In the listing below, locate the line that contains "BNWT BrüMate Toddy" and the line that contains "16573 CLARKES GAP". Restate word for word those two lines and every line between them, and nothing else.

• [Materials provided]:
+++

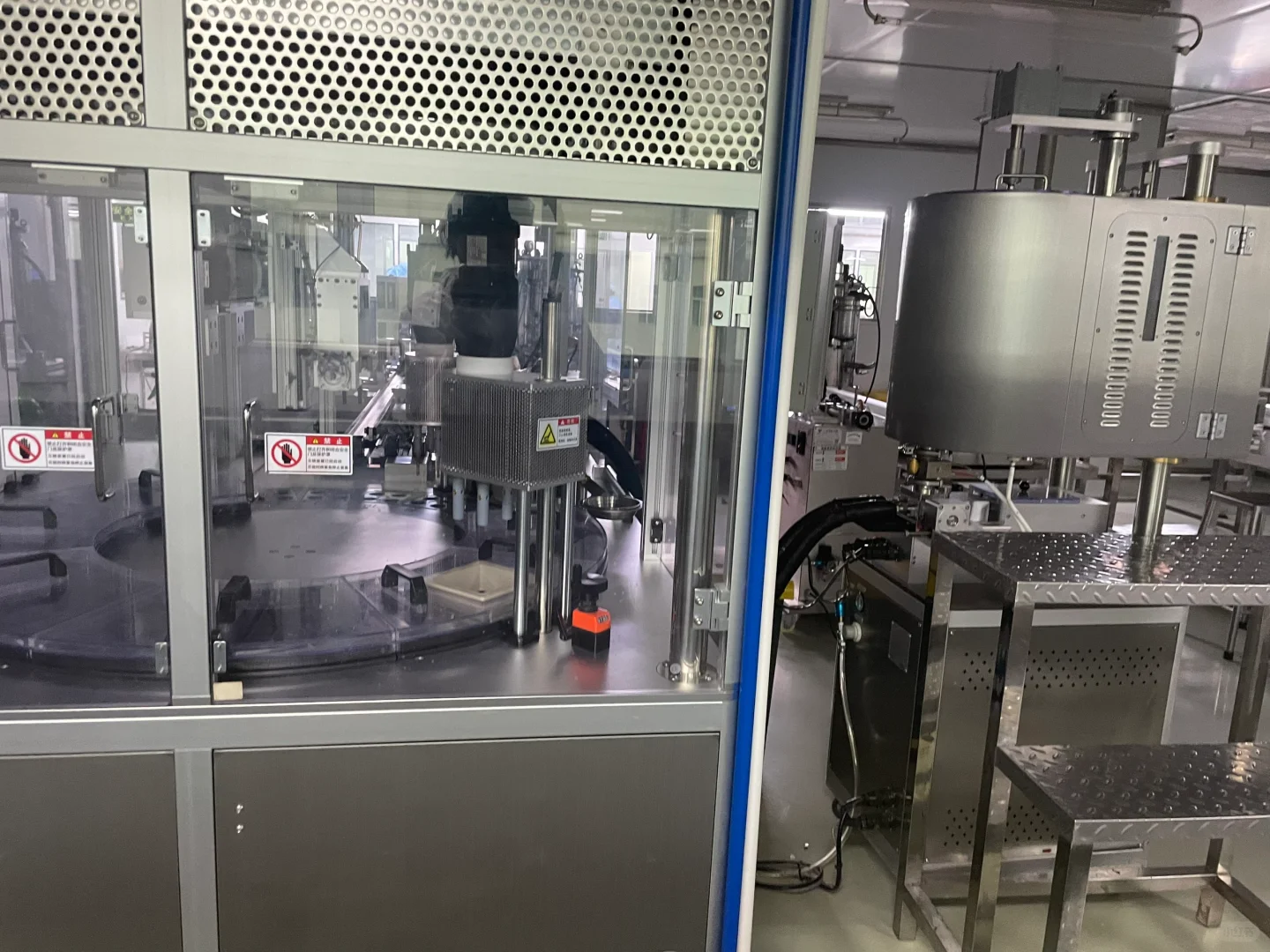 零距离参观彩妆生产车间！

+++

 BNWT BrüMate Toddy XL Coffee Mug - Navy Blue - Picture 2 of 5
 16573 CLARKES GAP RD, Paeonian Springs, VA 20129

+++

• [Worked solution]:
 BNWT BrüMate Toddy XL Coffee Mug - Navy Blue - Picture 2 of 5
 16573 CLARKES GAP RD, Paeonian Springs, VA 20129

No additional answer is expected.